Quando o vagão parou na estação seguinte, todos os passageiros desceram, e apenas um subira. Ele deteve-se ainda observando o fim do crepúsculo, nunca na sua vida o pôr-do-sol parecia tão eterno sem que houvesse zunidos de bala sobre a cabeça ou sangue pelo chão. Se acreditava ainda em algo, aquele momento parecia um sinal da providência, tentando consolá-lo com sua luz. No entanto, não era assim que interpretava, não inteiramente, via aqueles bagageiros vazios, o chacoalhar de um trem vazio, e uma atmosfera lúgubre preencheu o trem e o que havia dentro de si. E enquanto olhava a luz abandonado-o, pensara “Não me sobrou nada. Não, nunca tive algo para que restasse dele qualquer coisa.” E como se desse adeus ao ser mais caro de toda sua existência, tirou o chapéu em condolência a um luto que jamais se velava ou enterrava. Uma amarga e solitária lágrima brotou dos olhos castanhos, crentes de jamais ver a esperança, e se perguntando quando ela havia o deixado completamente.

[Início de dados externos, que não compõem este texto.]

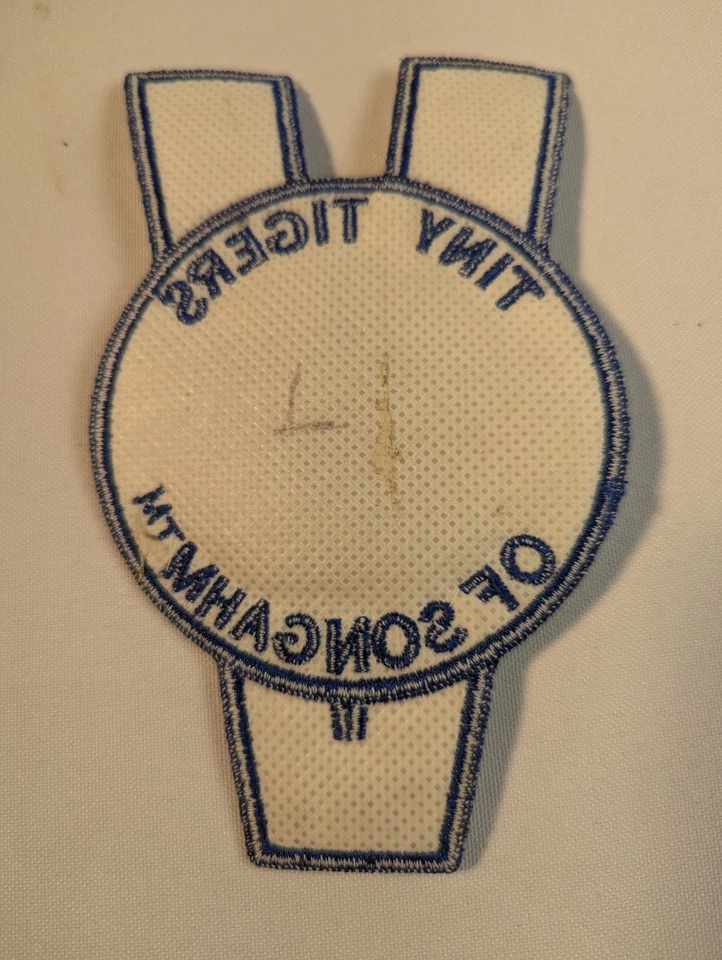 Tiny Tigers of Songahm Taekwondo Patch Blue Edges Free Shipping  - Image 2 of 2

Uma forte lufada de ar, o primeiro vento frio da noite do deserto, penetrou a cabine, e atingiu-o tão intensamente que ele pensou ter sentido alguém o chamando. Quando virou-se, apenas viu a janela aberta, entretanto, pode distinguir milhas longe, tão longe que questionou a veracidade do que estava vendo: dois gravetos formando uma cruz, e fixado entre ambos, garantindo a sustentação da imagem fúnebre a cova, um crucifixo de prata, brilhante como um milagre da criação, balançar-se com o vento. Ele engoliu as mágoas da vida, como bom velho, e ergueu o chapéu surrado sobre a face, apenas para distinguir um jovem e franzino garoto, de mãos nervosas e dedos trêmulos a sua frente, com uma reverência, apresentar-se:
- Xerife Colt, chamo-me Billy, cadete em treinamento, pedindo permissão para começar meu treinamento com o senhor a partir do dia de hoje!